Before this note book is run, the dropped out datasets must be created by running:

python scripts/add_all_features.py --keep 0.8 
python scripts/add_all_features.py --keep 0.6 
python scripts/add_all_features.py --keep 0.4 
python scripts/add_all_features.py --keep 0.2 
python scripts/add_all_features.py --keep 0.1 
python scripts/add_all_features.py --keep 0.05
python scripts/add_all_features.py --keep 0.02
python scripts/add_all_features.py --keep 0.01

Step 1 – import required modules and define some helper functions:



In [1]:

    
%matplotlib inline
from __future__ import print_function, division
import sys
sys.path.append('..')
from vessel_scoring import data, utils
from vessel_scoring.models import train_model_on_data
from vessel_scoring.evaluate_model import evaluate_model, compare_models
from IPython.core.display import display, HTML, Markdown
import numpy as np
from sklearn import metrics
import matplotlib.pyplot as plt



In [2]:

    
from vessel_scoring.logistic_model import LogisticModel

def make_model(seed=4321):
    return LogisticModel(colspec=dict(
        windows=[1800, 3600, 10800, 21600, 43200, 86400],
        measures=['measure_daylight', 'measure_speed']), order=6, random_state=seed)



In [3]:

    
def load_data(suffix='', seed=4321, even_split=True):
    """Load train / test data
    
    This loads the datasets as they are normally used in training / testing.
    """
    # Data supplied by Kristina
    _, train_lline,  valid_lline, test_lline = data.load_dataset_by_vessel(
            '../datasets/kristina_longliner.measures{}.npz'.format(suffix), 
             even_split=even_split, seed=seed)
    _, train_trawl,  valid_trawl, test_trawl = data.load_dataset_by_vessel(
            '../datasets/kristina_trawl.measures{}.npz'.format(suffix), 
             even_split=even_split, seed=seed)
    _, train_pseine, valid_pseine, test_pseine = data.load_dataset_by_vessel(
            '../datasets/kristina_ps.measures{}.npz'.format(suffix), 
            even_split=even_split, seed=seed)

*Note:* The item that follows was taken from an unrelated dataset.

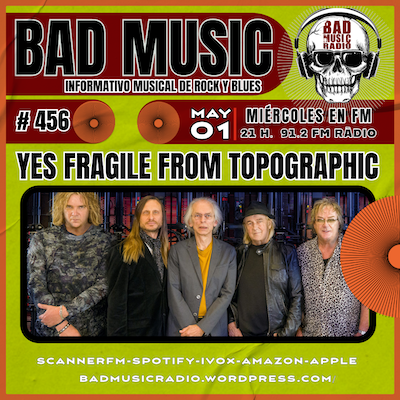 Bad Music #456. YES FRAGILE FROM TOPOGRAPHIC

    # Slow transits (used to train models to avoid classifying slow transits as fishing)
    TRANSIT_WEIGHT = 10
    x_tran, xtrain_tran, xcross_tran, xtest_tran = data.load_dataset_by_vessel(
                        '../datasets/slow-transits.measures{}.npz'.format(suffix), 
                         even_split=False, seed=seed)
    xtrain_tran = utils.clone_subset(xtrain_tran, test_lline.dtype)
    xcross_tran = utils.clone_subset(xcross_tran, test_lline.dtype)
    xtest_tran = utils.clone_subset(xtest_tran, test_lline.dtype)
    train_tran = np.concatenate([xtrain_tran, xcross_tran] * TRANSIT_WEIGHT)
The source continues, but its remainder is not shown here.